Description: Free previously allocated memory (in array elements) if kmalloc() returns NULL, in function submit_urbs(), in file drivers/media/video/cpia2/cpia2_usb.c. If the system is low on memory, then previously allocated memory in the same array should be freed up to help the system recover.

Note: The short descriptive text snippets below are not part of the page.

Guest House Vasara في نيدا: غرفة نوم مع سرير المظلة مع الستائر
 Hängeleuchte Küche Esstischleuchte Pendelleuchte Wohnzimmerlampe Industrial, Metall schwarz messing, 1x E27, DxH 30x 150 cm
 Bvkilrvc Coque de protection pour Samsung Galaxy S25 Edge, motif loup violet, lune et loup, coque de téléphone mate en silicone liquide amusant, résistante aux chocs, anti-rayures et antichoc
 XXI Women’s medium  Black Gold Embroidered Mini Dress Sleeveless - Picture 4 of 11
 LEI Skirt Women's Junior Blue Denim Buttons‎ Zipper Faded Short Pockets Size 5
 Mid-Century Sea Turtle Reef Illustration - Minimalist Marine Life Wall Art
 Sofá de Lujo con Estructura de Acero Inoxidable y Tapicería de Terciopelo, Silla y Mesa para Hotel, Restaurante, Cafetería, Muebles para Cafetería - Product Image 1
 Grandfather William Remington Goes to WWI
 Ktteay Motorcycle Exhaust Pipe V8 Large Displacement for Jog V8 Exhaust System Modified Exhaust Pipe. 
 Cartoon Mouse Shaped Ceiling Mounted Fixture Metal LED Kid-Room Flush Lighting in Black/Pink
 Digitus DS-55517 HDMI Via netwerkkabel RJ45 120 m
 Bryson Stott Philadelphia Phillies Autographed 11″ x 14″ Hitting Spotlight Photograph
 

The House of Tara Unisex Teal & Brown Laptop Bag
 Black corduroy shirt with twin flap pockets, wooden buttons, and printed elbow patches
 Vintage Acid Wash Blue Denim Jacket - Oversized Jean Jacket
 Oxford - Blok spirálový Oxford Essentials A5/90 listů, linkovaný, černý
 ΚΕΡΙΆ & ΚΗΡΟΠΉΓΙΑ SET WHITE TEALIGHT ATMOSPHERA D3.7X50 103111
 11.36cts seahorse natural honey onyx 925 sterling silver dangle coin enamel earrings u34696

Signed-off-by: Amit Choudhary <[email protected]>
diff --git a/drivers/media/video/cpia2/cpia2_usb.c b/drivers/media/video/cpia2/cpia2_usb.c
index 28dc6a1..c938638 100644
--- a/drivers/media/video/cpia2/cpia2_usb.c
+++ b/drivers/media/video/cpia2/cpia2_usb.c
@@ -640,6 +640,10 @@ static int submit_urbs(struct camera_dat
cam->sbuf[i].data =
kmalloc(FRAMES_PER_DESC * FRAME_SIZE_PER_DESC, GFP_KERNEL);
if (!cam->sbuf[i].data) {
+ for (--i; i >= 0; i--) {
+ kfree(cam->sbuf[i].data);
+ cam->sbuf[i].data = NULL;
+ }
return -ENOMEM;
}
}
Hello,
> --- a/drivers/media/video/cpia2/cpia2_usb.c
> +++ b/drivers/media/video/cpia2/cpia2_usb.c
> @@ -640,6 +640,10 @@ static int submit_urbs(struct camera_dat
> cam->sbuf[i].data =
> kmalloc(FRAMES_PER_DESC * FRAME_SIZE_PER_DESC, GFP_KERNEL);
> if (!cam->sbuf[i].data) {
> + for (--i; i >= 0; i--) {
> + kfree(cam->sbuf[i].data);
> + cam->sbuf[i].data = NULL;
> + }
> return -ENOMEM;
> }
> }
Just for future. Shorter and more readable version of your for(...) thing:
while (i--) {
...
}
--
Regards,
Mariusz Kozlowski
On Fri, 8 Dec 2006, Mariusz Kozlowski wrote:
> > --- a/drivers/media/video/cpia2/cpia2_usb.c
> > +++ b/drivers/media/video/cpia2/cpia2_usb.c
> > @@ -640,6 +640,10 @@ static int submit_urbs(struct camera_dat
> > cam->sbuf[i].data =
> > kmalloc(FRAMES_PER_DESC * FRAME_SIZE_PER_DESC, GFP_KERNEL);
> > if (!cam->sbuf[i].data) {
> > + for (--i; i >= 0; i--) {
> > + kfree(cam->sbuf[i].data);
> > + cam->sbuf[i].data = NULL;
> > + }
> > return -ENOMEM;
> > }
> > }
>
> Just for future. Shorter and more readable version of your for(...) thing:
>
> while (i--) {
> ...
> }
>
No, that is not equivalent.
You want
while (i-- >= 0) {
...
}
Hello,
> > Just for future. Shorter and more readable version of your for(...) thing:
> >
> > while (i--) {
> > ...
> > }
> >
>
> No, that is not equivalent.
>
> You want
> while (i-- >= 0) {
> ...
> }
>
Not really. That will stop at -1 not 0.
--
Regards,
Mariusz Kozlowski
On Fri, 8 Dec 2006, Mariusz Kozlowski wrote:
> > > Just for future. Shorter and more readable version of your for(...) thing:
> > >
> > > while (i--) {
> > > ...
> > > }
> > >
> >
> > No, that is not equivalent.
> >
> > You want
> > while (i-- >= 0) {
> > ...
> > }
> >
>
> Not really. That will stop at -1 not 0.
>
It depends on your intent. Generally speaking,
while (i--) {
...
}
is never what you want. Adding the check for being greater than 0 stops
potential bugs from signed int i being negative. The only drawback on x86
is that it sets a byte based on the greater condition with setg and tests
it later with testb for every iteration. This use of testb will _always_
use the same addressable byte registers for both its operands.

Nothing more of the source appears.